══ Records shown
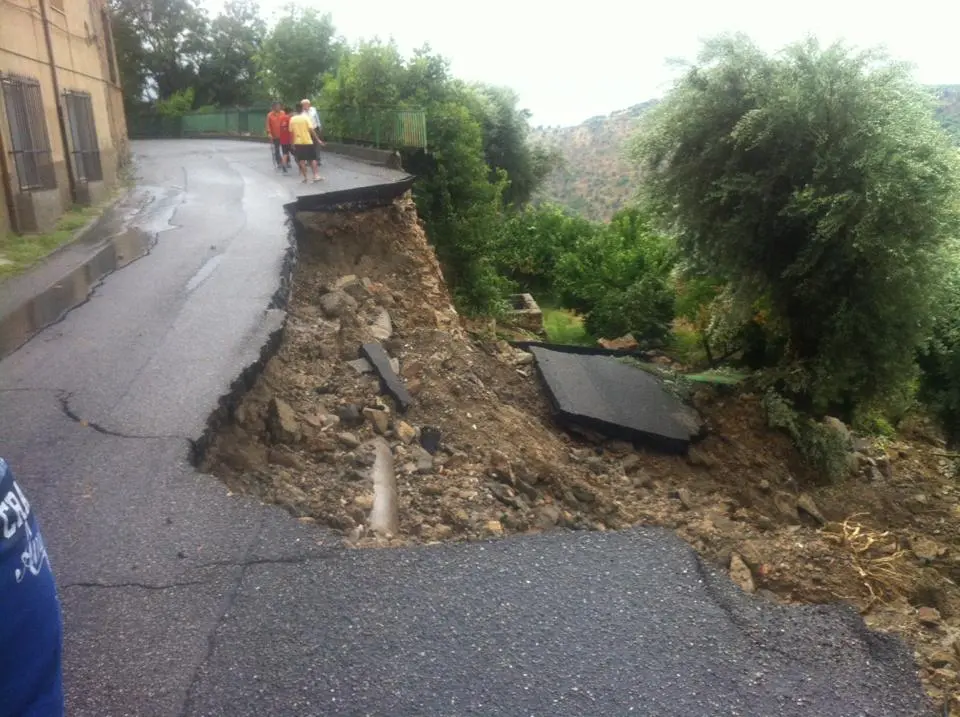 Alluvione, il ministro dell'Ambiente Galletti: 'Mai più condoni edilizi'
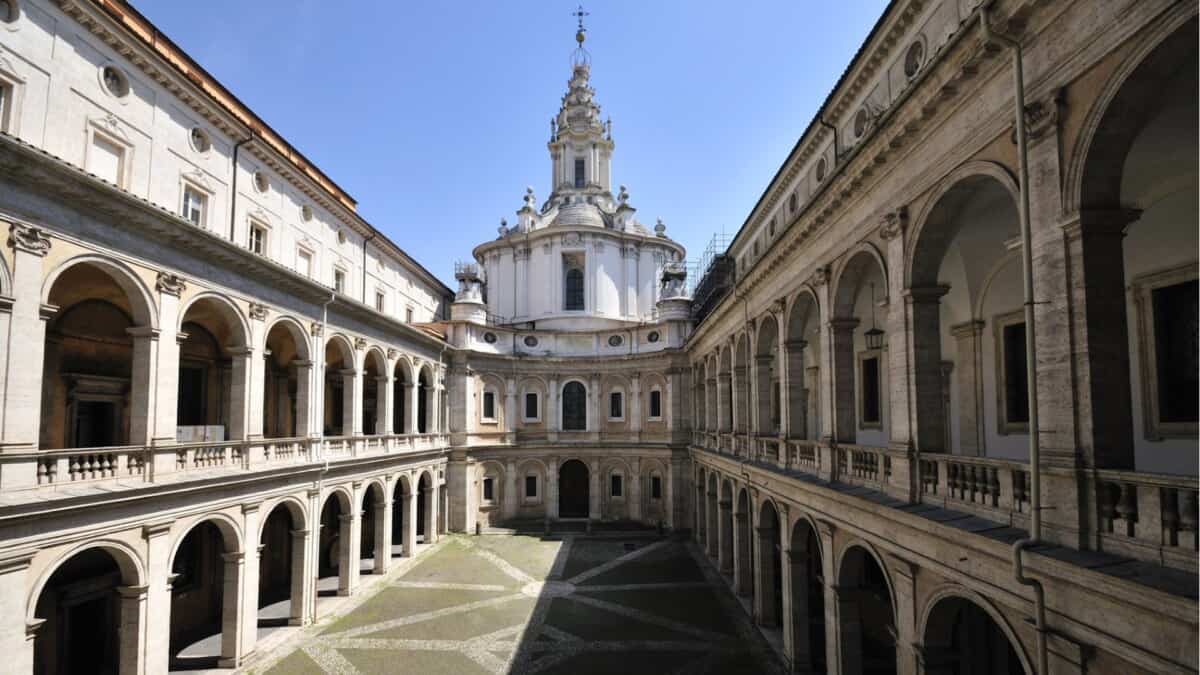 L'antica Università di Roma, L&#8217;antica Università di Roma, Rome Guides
════
══ Records shown
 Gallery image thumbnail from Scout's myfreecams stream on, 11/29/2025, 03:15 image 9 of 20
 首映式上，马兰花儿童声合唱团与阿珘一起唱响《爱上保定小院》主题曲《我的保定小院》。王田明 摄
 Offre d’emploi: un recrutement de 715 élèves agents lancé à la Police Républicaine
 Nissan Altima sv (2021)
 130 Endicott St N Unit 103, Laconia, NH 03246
════
══ Records shown
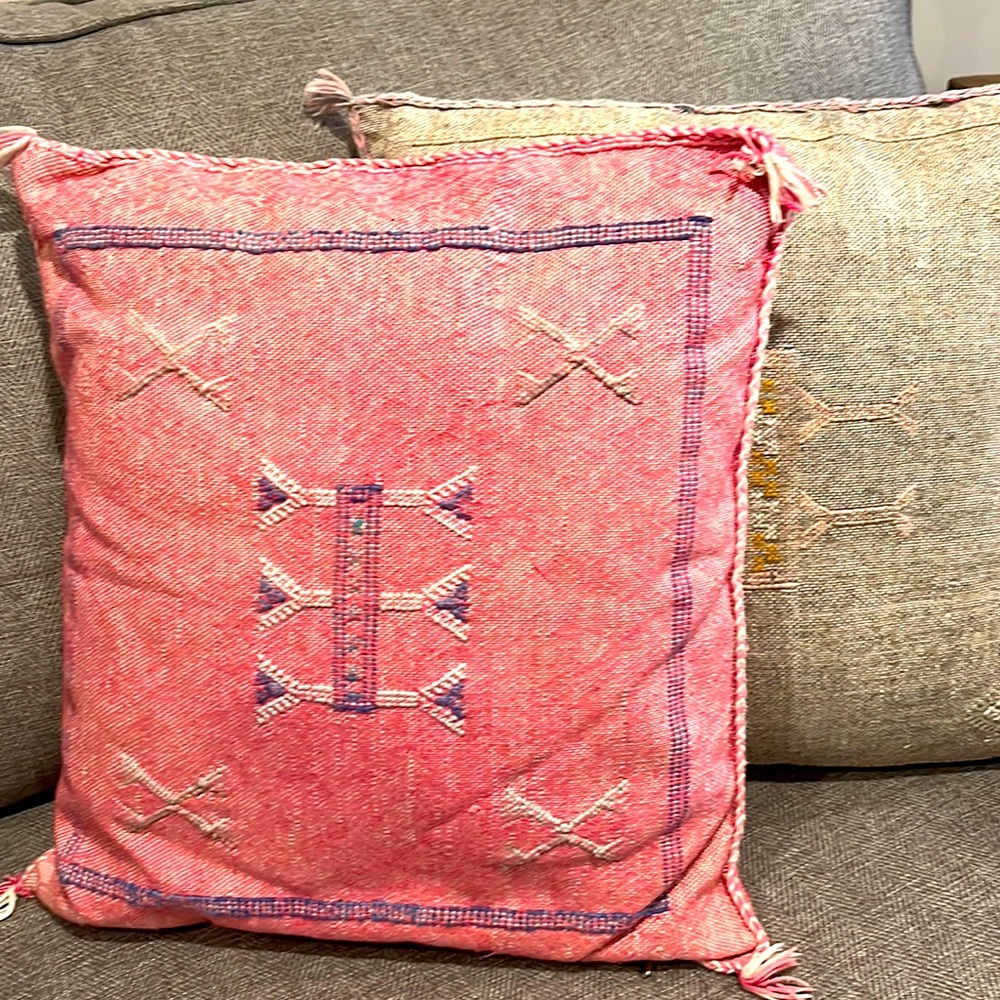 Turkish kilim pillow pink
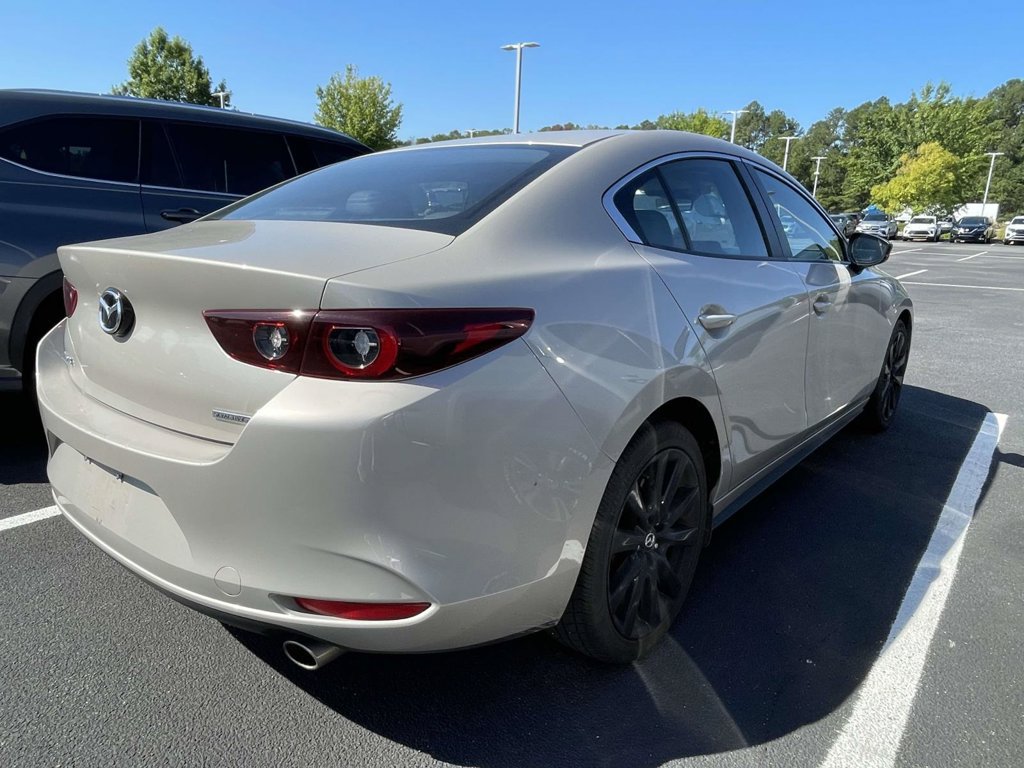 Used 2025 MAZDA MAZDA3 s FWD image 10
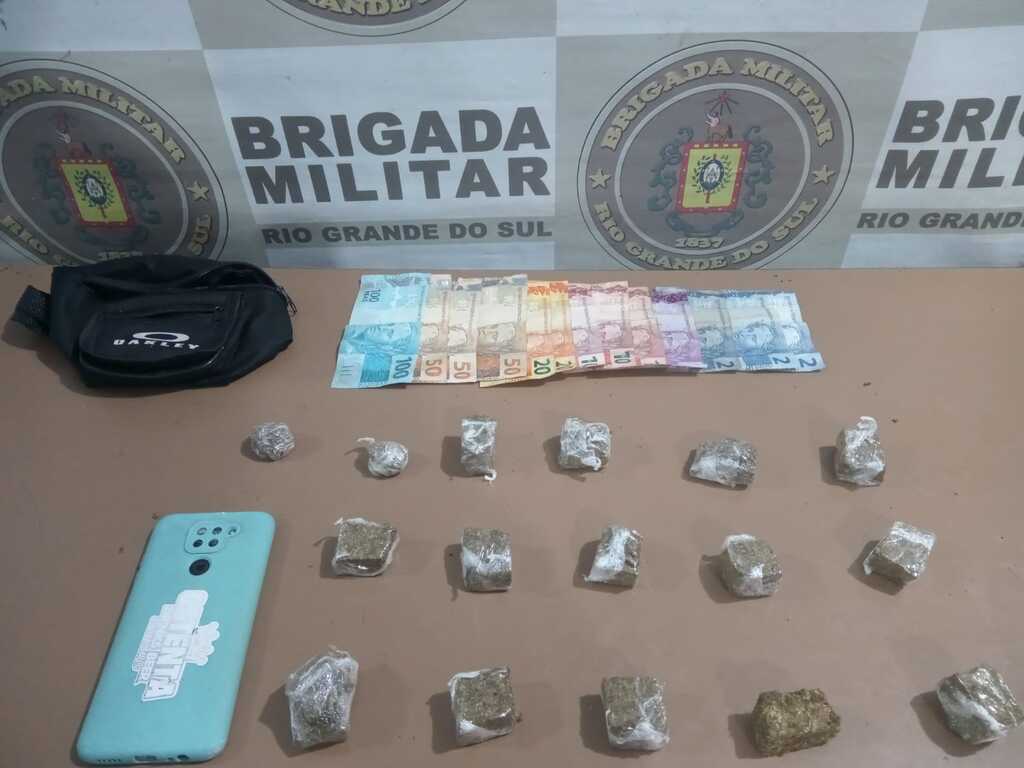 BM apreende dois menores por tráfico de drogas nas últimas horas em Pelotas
════
What you will do - In the listing above, find the line with "Alluvione, il ministro" and output every line through the one with "L'antica Università di", exactly, without the pictures.

Result for this task -
 Alluvione, il ministro dell'Ambiente Galletti: 'Mai più condoni edilizi'
 L'antica Università di Roma, L&#8217;antica Università di Roma, Rome Guides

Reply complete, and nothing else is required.